An AI test pilot has successfully flown a jet fighter in dogfights against human opponents. It’s the latest development for DARPA’s Air Combat Evaluation program, which is trying to develop aerospace AI agents that can be trusted to perform safely.
Human test pilots have a bit of a reputation thanks to popular culture—from The Right Stuff to Top Gun: Maverick, the profession has been portrayed as a place for loose cannons with a desire to go fast and break the rules. The reality is pretty far from that these days, especially where DARPA is concerned.
The agency instead wants a machine-learning agent that can safely fly a real aircraft autonomously, with no violations of training rules. After all, neural networks have their own reputation—at this point well-earned—for finding ways to exploit situations that hadn’t occurred to humans. And the consequences when controlling a real jet fighter can be a lot more severe than just testing in silico.
In this case, the jet fighter is called the X-62A Variable Stability In-Flight Simulator Test Aircraft, or VISTA. It began life as an F-16D (Block 30) two-seater, which spent most of its 32-year career working at the US Air Force Test Pilot School at Edwards AFB.
Over the years, the plane, previously designated the NF-16D, has been modified to simulate the flight characteristics of other aircraft while in flight. “It has given almost a thousand students and staff members the opportunity to practice testing aircraft with dangerously poor flying qualities and to execute risk-reduction flight test programs for advanced technologies,” said William Gray, chief test pilot of VISTA and the USAF Test Pilot School.

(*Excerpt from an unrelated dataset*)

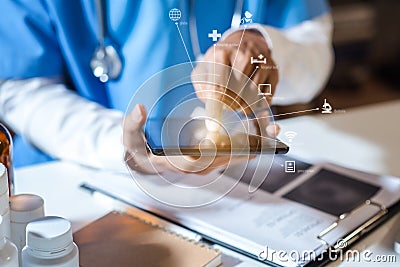 Doctor work on digital tablet healthcare doctor technology tablet using computer in office. Stock Photo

That made it a natural candidate for DARPA’s ACE program, and in 2021, the process of modifying the aircraft began once again as it became the X-62A.
The USAF and DARPA started conducting X-62A test flights under AI control in December 2022, logging 17 hours by the time we first learned of the program in early 2023. Although DARPA’s AI agent flew the X-62A, there was always a pair of human pilots onboard to monitor the test flight and, if necessary, take control. But in those early tests, the X-62A flew against simulated adversaries.

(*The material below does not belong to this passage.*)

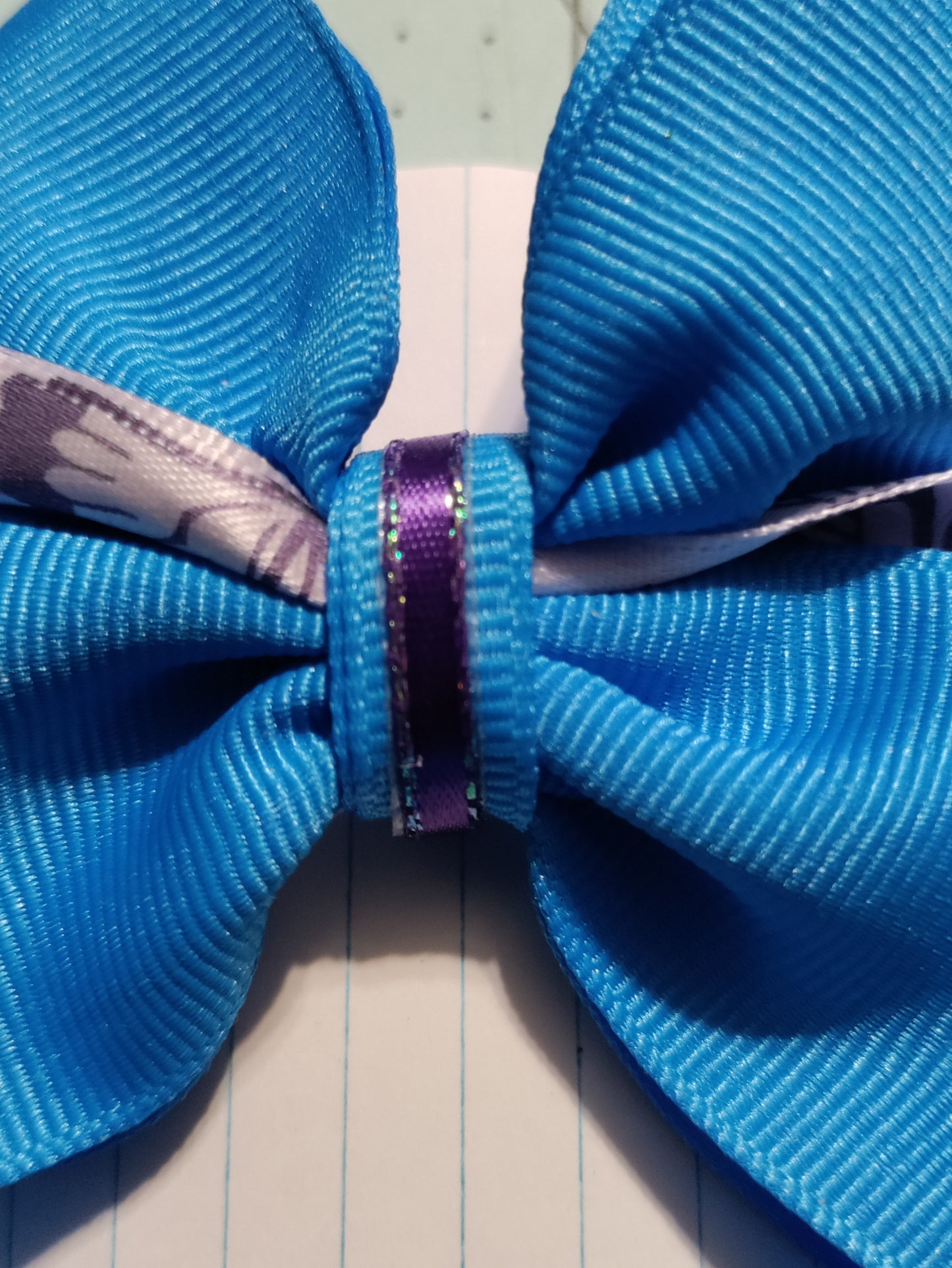 Turquoise and White Bow with Butterflies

By September 2023, the program had completed 21 test flights, including the first-ever AI versus human aerial engagement within visual range, flying against a human-piloted F-16. During that time, DARPA says the team made over 100,000 lines of flight-critical software changes, which it called “an unprecedented rate of development.”
That’s certainly an achievement, but just focusing on the dogfight is a mistake, according to Gray. “That misses the point. Dogfighting was the problem to solve so we could start testing autonomous artificial intelligence systems in the air, but every lesson we’re learning applies to every task we can give to an autonomous system,” he said.